◆ **WHAT IS BEING ASKED**
Transcribe the entries below exactly, starting with the line that has "Satılır 4 otaqlı" and stopping after the line that has "Warm Taupe #color_Warm Taupe"; no pictures belong in the copy.
>>>>
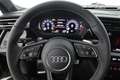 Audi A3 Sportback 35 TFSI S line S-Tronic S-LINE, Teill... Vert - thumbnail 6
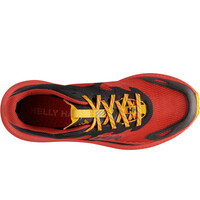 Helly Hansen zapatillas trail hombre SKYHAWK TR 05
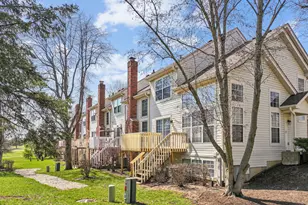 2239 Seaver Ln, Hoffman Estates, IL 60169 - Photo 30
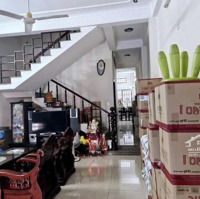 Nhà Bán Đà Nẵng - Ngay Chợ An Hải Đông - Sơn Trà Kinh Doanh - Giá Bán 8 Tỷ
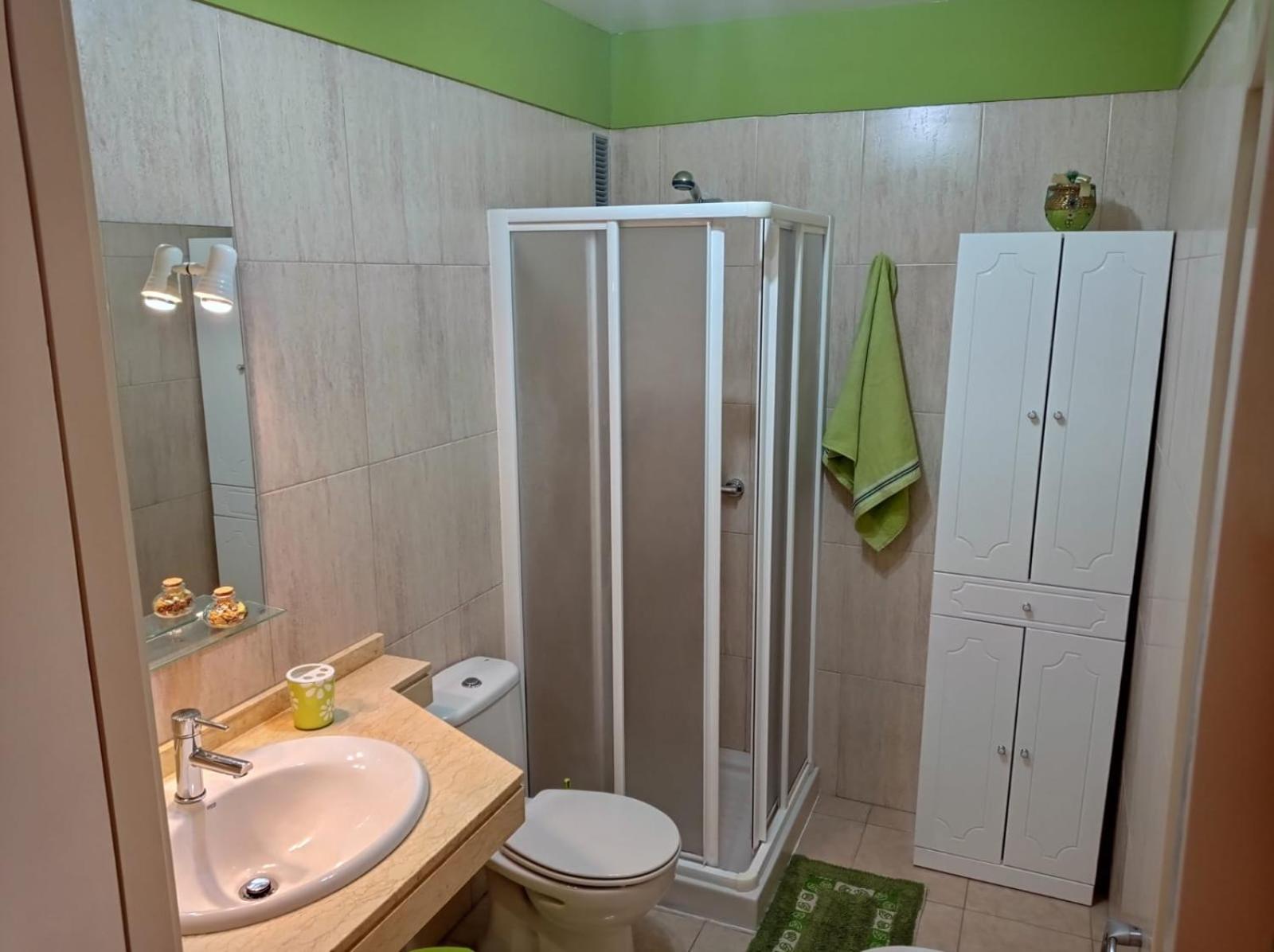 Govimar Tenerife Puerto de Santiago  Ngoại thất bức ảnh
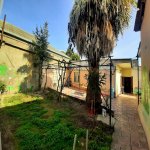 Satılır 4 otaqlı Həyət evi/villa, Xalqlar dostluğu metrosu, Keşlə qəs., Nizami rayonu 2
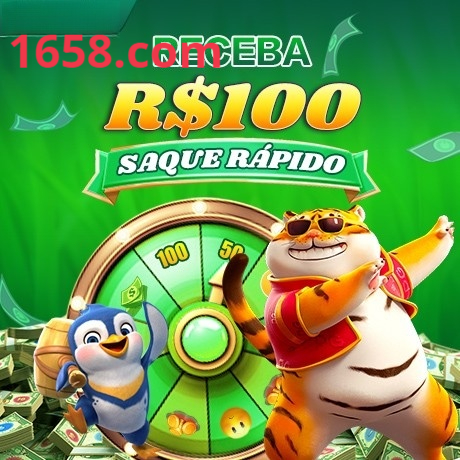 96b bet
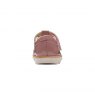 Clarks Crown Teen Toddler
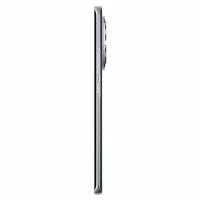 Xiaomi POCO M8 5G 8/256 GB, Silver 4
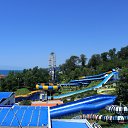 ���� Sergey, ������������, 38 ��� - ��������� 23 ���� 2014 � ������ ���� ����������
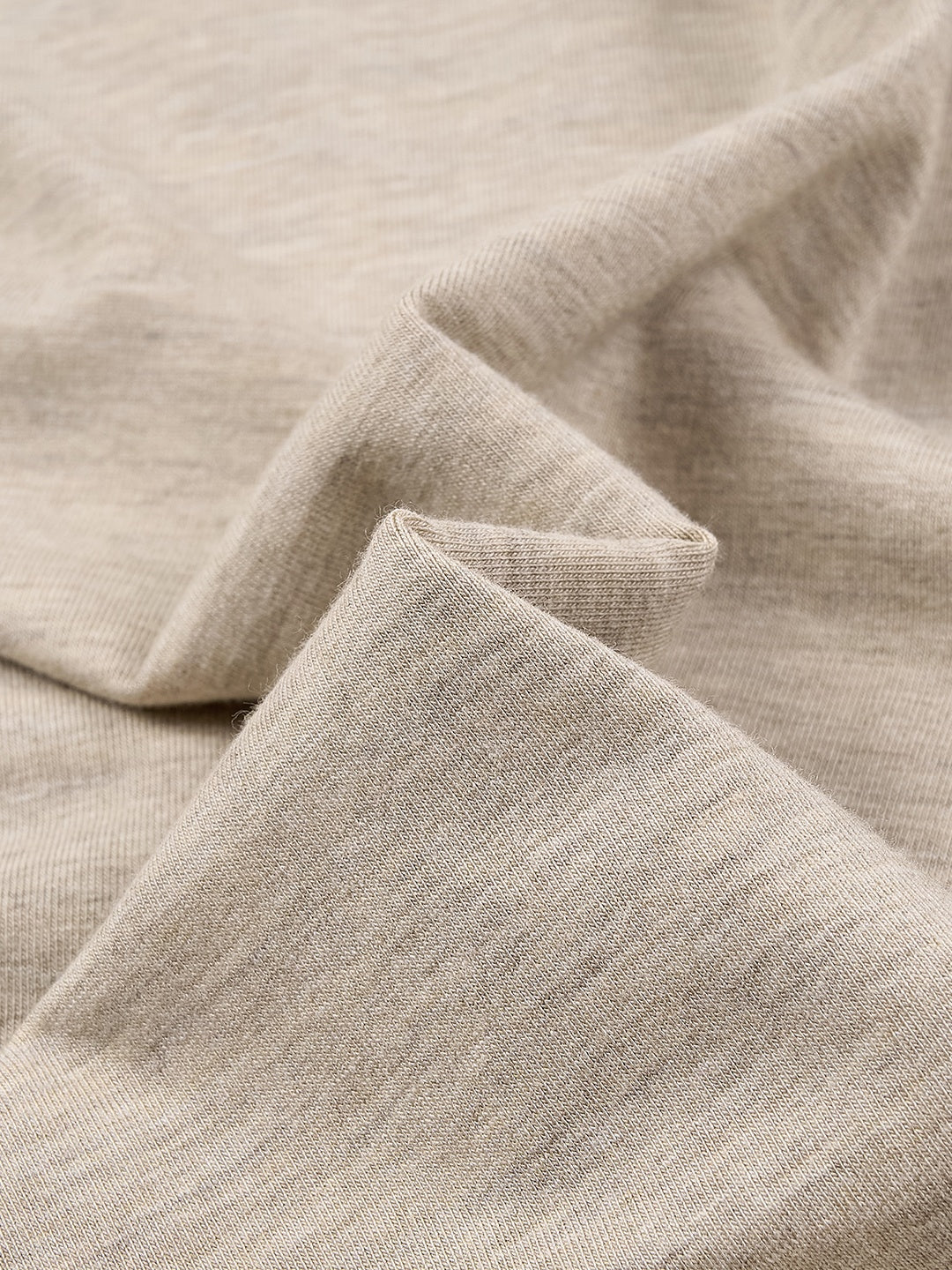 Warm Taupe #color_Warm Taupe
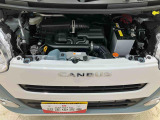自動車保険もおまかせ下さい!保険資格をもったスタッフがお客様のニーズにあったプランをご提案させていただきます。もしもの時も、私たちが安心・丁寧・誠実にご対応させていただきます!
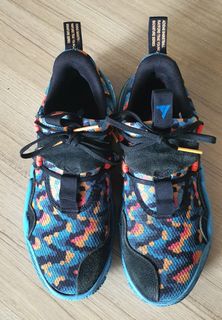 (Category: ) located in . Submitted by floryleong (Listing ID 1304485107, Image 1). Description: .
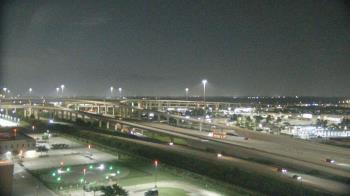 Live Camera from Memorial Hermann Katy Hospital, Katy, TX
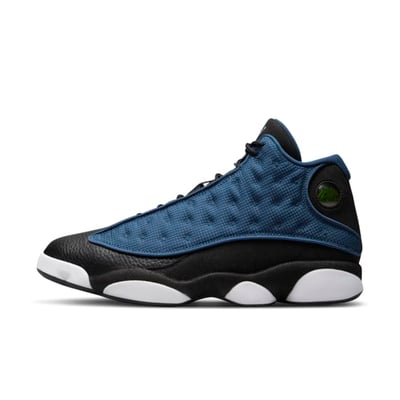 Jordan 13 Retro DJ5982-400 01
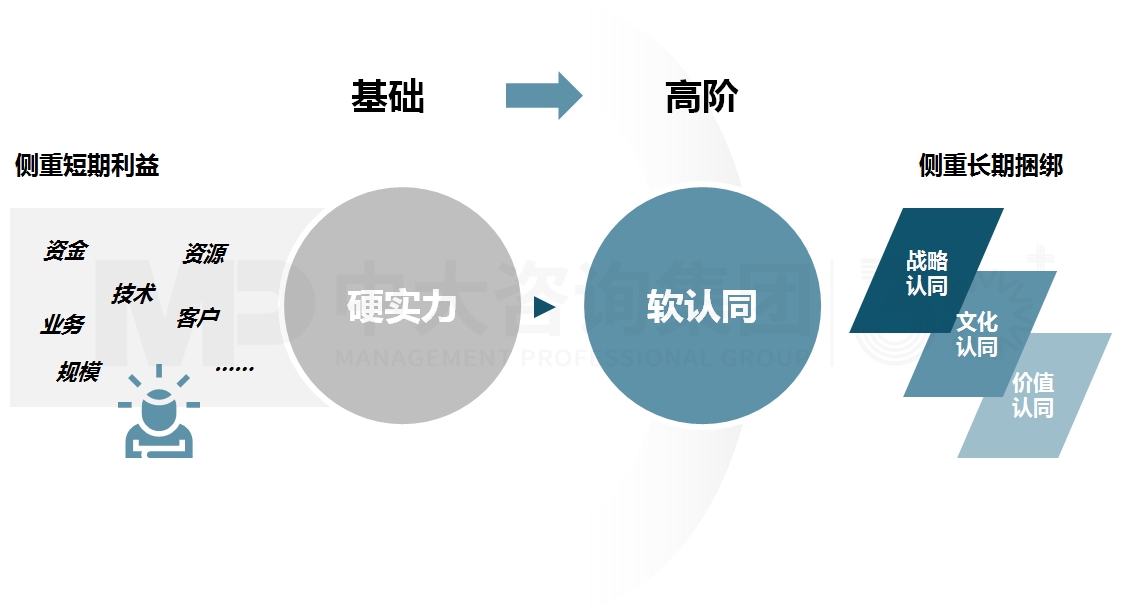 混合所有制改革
<<<<
◆ **RESULT OF THE EXERCISE**
 Satılır 4 otaqlı Həyət evi/villa, Xalqlar dostluğu metrosu, Keşlə qəs., Nizami rayonu 2
 96b bet
 Clarks Crown Teen Toddler
 Xiaomi POCO M8 5G 8/256 GB, Silver 4
 ���� Sergey, ������������, 38 ��� - ��������� 23 ���� 2014 � ������ ���� ����������
 Warm Taupe #color_Warm Taupe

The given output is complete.